What does an “innovation economy” really mean?
We have entered the knowledge economy, but are only dismally realizing its tremendous potential for accelerating human progress and prosperity. While we acknowledge human talent as the chief resource of the 21st century, we fail to utilize the creative potential for a majority of the workforce. In fact, the portion of the employed workforce which utilizes independent judgement has remained stagnant for decades [see Nilofer Merchant]. Regarded from this angle, our state of the art economy is only marginally efficient at turning knowledge into innovation. Progress is only achieved painstakingly and convolutedly. The lost opportunity cost is tremendous [see David Nordfords].

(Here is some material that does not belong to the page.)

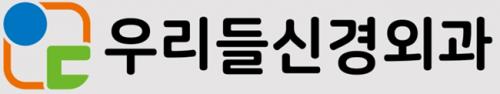 우리들 신경외과 의원
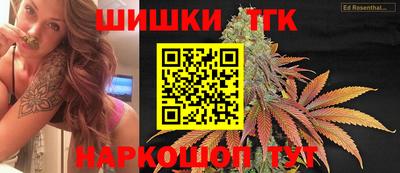 сатива Волгодонск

Innovation, arguably the main actor in human progress and economic prosperity [see W. Brian Arthur], comes chiefly from the private sector. Under a proverbial microscope, innovation in fact comes from individuals who exercise independent judgement and in so doing, pose open-ended questions and challenge assumptions. This is the very basis of progress. One key economic effectiveness indicator should therefore be the extent to which the global workforce, particularly the knowledge workforce, is engaged in highly autonomous thinking and action. But are our employment systems and the larger socio-political context conducive to independent judgement?
The long shadow of the Industrial Revolution, where production efficiencies required scale, extends firmly to our modern times. We have not only inherited the systems of policies, laws and education that favor compliance over open-ended, “validity” thinking, we have inherited the mindset as well. Our current employment memes favor rigid bounds to human thought and action for all but a privileged few at the top of enterprise hierarchies (or those lucky Harvard drop-outs). The mindset extends to small enterprises as well. By and large modern collective human enterprise compromises the most vital trait of the very resource it claims to value most: the inexhaustible human generative potential. The net effect is value creation cannot keep up with general demand for progress. Politics gets in the way by favoring short term, zero-sum solutions over generative ones. Furthermore, politics finds fertile manipulative ground in those who have long forgot how to exercise independent judgement. Frustrations are collected and amplified (and in some perverted cases reinforced) into zero-sum, combative political debates that sideline the generative, non-zero sum nature of progress and prosperity. The quality of the political debate is noticeably sinking. In some cases, talent itself is chastised [see Roger Martin]. Progress is at risk.
A re-framing of the notion of work and organized enterprise may be one way to redesign our economic systems for extraordinary progress, to qualitatively rehabilitate our political system. A new Theory of the Firm is perhaps called for in the context of a knowledge economy [see Ronald Coarse]. How do we reshape the very construct of organized employment such that democratization of individual freedom for professional thought and action is achieved? What is the policy, legal and educational implications? Can we redesign key societal systems for prosperity while minimizing frustrations and preventing their focusing into derogatory debate and societal tensions?